There had been other light touches like those on my wrists in the hotel bar. A neighbor’s hands brushing against my stomach in passing, a friend’s extra long caresses on my shoulders and neck. A man spilled beer down my leg at a community celebration once and brushed it off, letting his fingers linger on my calf. And I recognized some of you the way I recognize my American brothers on the street: something loose in the gait, that half-moment pause in the eyes as if asking, “Are you one of us?”
Friends, I still think of you often. I still see you on Facebook sometimes, friends of Volunteers who still live in Ethiopia. I envy those straight friends and what they can know. Why is it that my straight friends have always been able to know my people? What must it be like not to risk that?
But, one story: My neighbor up north was about twenty-two years old. She was from the capital and spoke fluent American English with little accent. We spent many evenings with my site mates, mixing our cheap wine with Coke and Mirinda to lessen the bitterness. We were sure she knew about me; no one could watch as much American TV as she did and not know. One Sunday, she told me she’d made too much for lunch and invited me over. She handed me a plate of scrambled eggs and fried potatoes. I looked at the food and asked, “How long have you known I’m gay?”
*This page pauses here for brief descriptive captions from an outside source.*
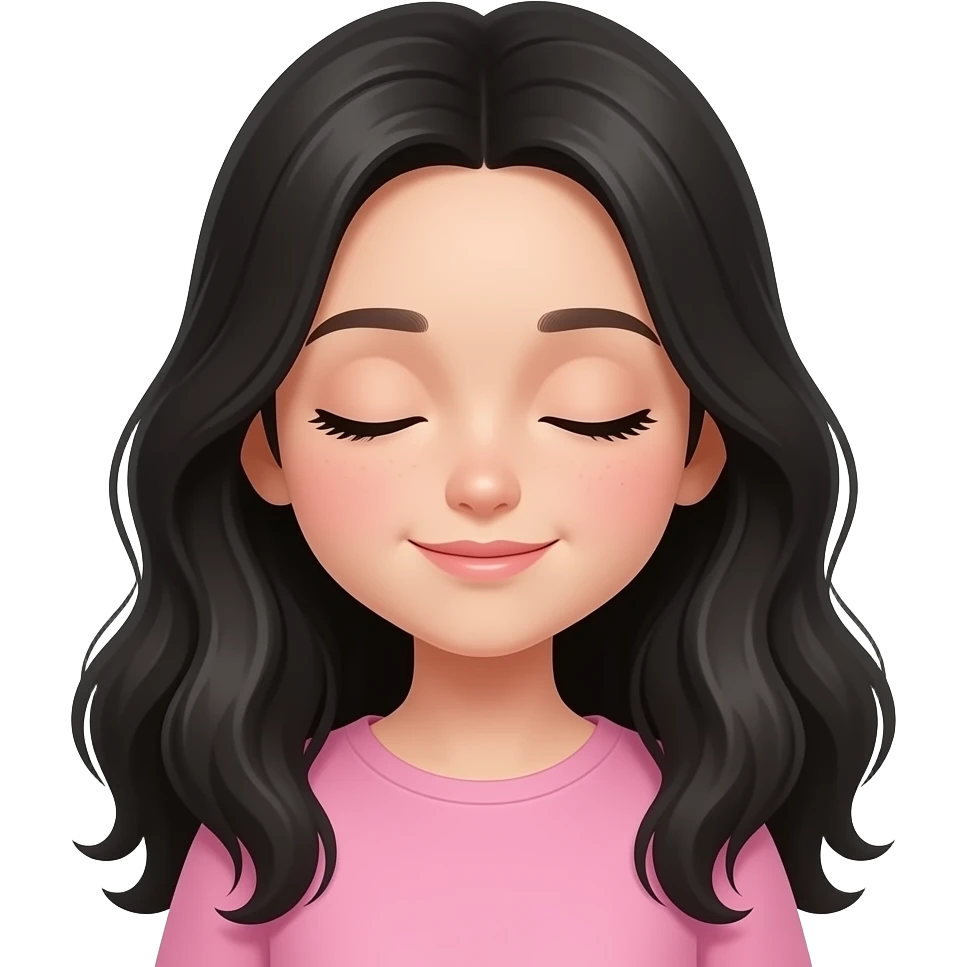 sweet dreams long black hair girl emoji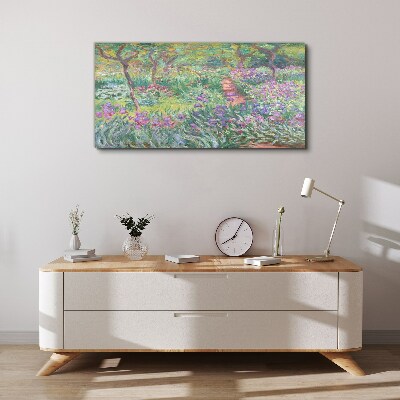 Foto auf leinwand Blumengarten in der Frühlingssonne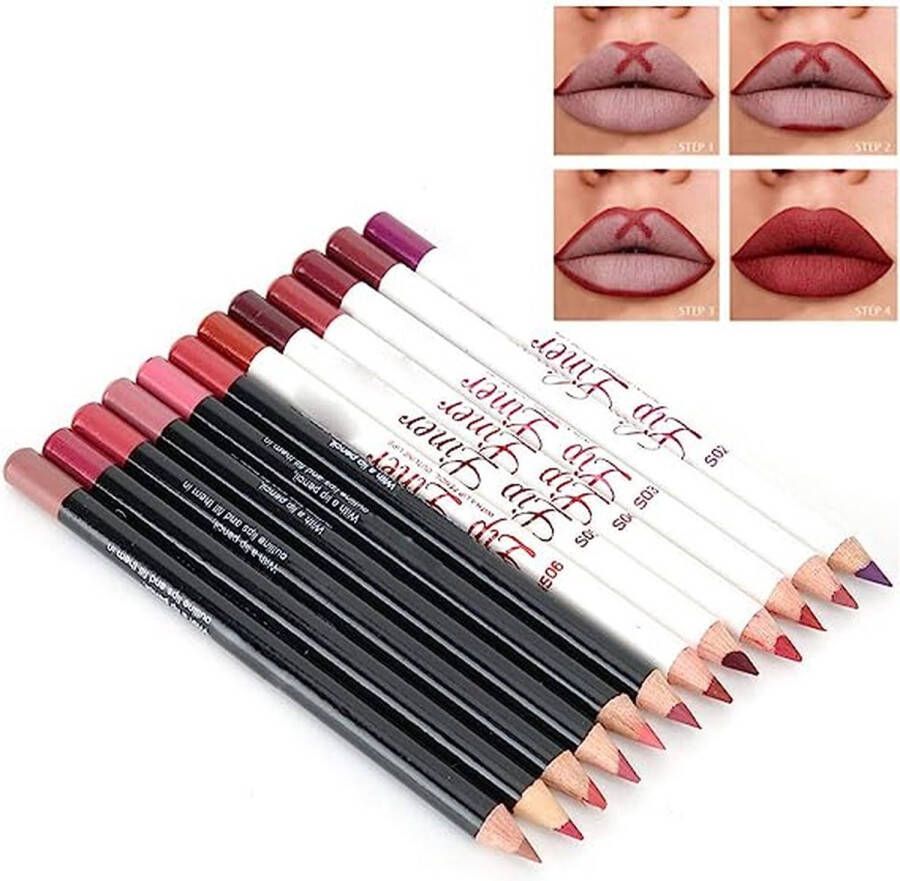 ZJchao 12 kleuren set Matte Lip Liner Waterproof Langdurige Matte Lipstick Sexy Lip Liner Potlood Make-up Cosmetische Schoonheid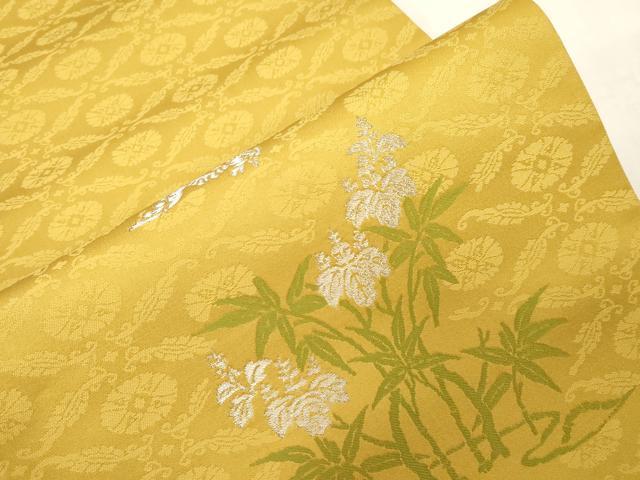 平和屋着物●龍村晋謹製 太鼓柄袋帯 桐竹鳳凰文錦 銀糸 正絹 逸品 CABG3038dy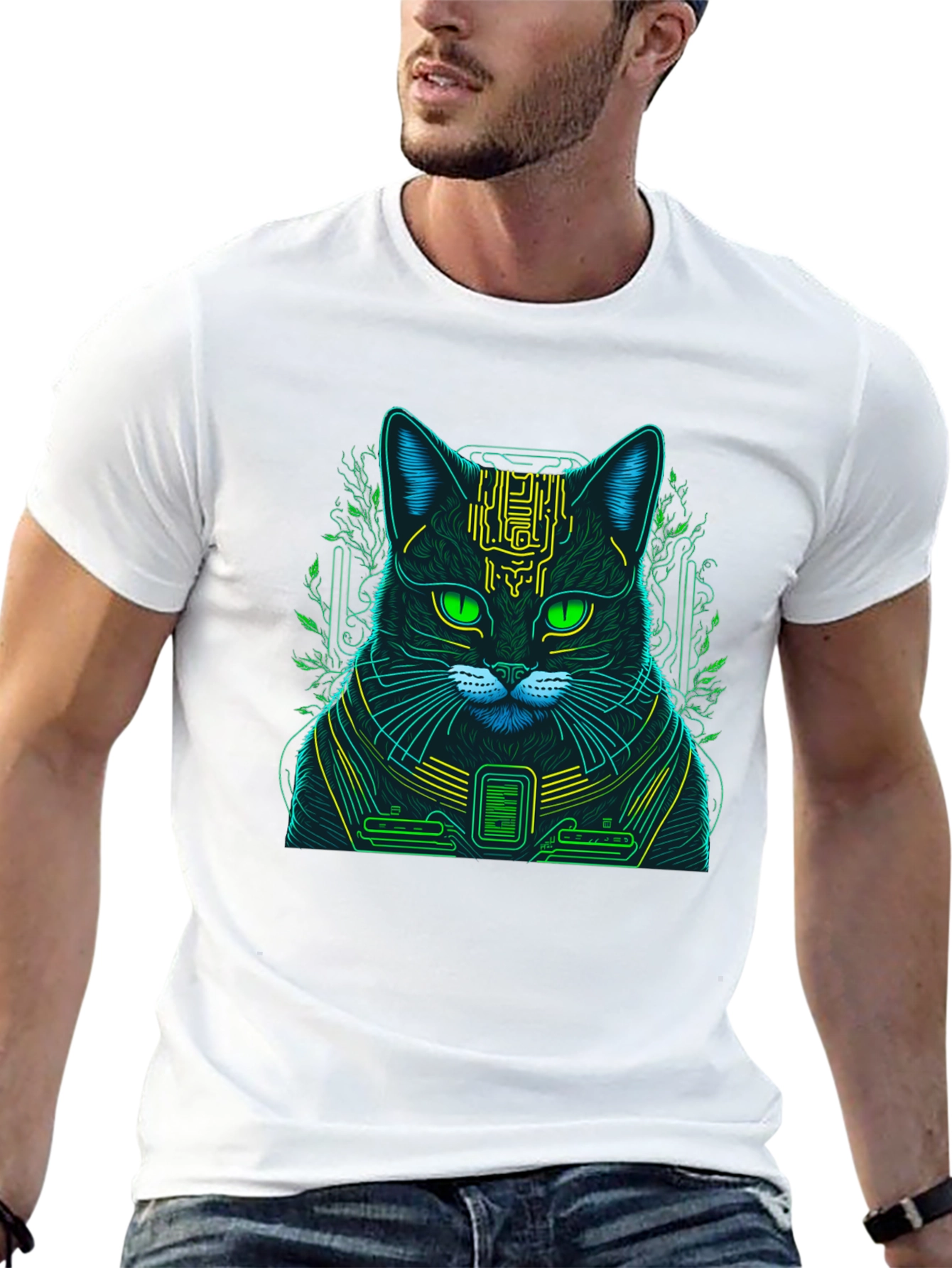 Cyberpunk Cat T-Shirt - Neon Style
“You’re gay?” she asked, incredulous.
“Oh, honey,” I said.
“But what about your girlfriend?!”
“Oh, HONEY,” I repeated.
I came clean. I told her about the alibi girlfriend, the counseling session, the touches. Other than the counselor, this was the first time I had ever been completely honest with an Ethiopian. I was worried; I’d done what we were told never to do.
She thought for a moment and said, “You know, I’m kind of proud of myself. I always thought I’d be okay with people being gay, and now I know I am! Gay people are kind of like celebrities. You know they exist, but you never think you’ll meet one. Now, let’s go get a bottle of wine and talk all afternoon!”
Dear friends, I ache for the time we couldn’t spend together. I wanted, so much, to know you, extending our solidarity and love to each other; our world has been treacherous and dark. But there are allies. They show themselves over time. I hope it’s true what the counselor told me:
“Right now in Ethiopia, it’s like the 1960s in America. The sexual revolution in America was so violent in the 1960s, but in time it calmed down.”
Peace Corps-Ethiopia was finally required by Headquarters in Washington, DC to administer Safe Zoning training to its staff. I had already returned to the United States by that point, but a Gay Volunteer, friend of mine, who was still there said the staff wished afterward that they didn’t know there were Queer Volunteers in Ethiopia. I still struggle to help my American friends understand my Peace Corps story. It was often heartbreaking and difficult; it was not what I expected. Some in the Peace Corps family are changing minds and hearts, and others are still waiting for the calm in the storm.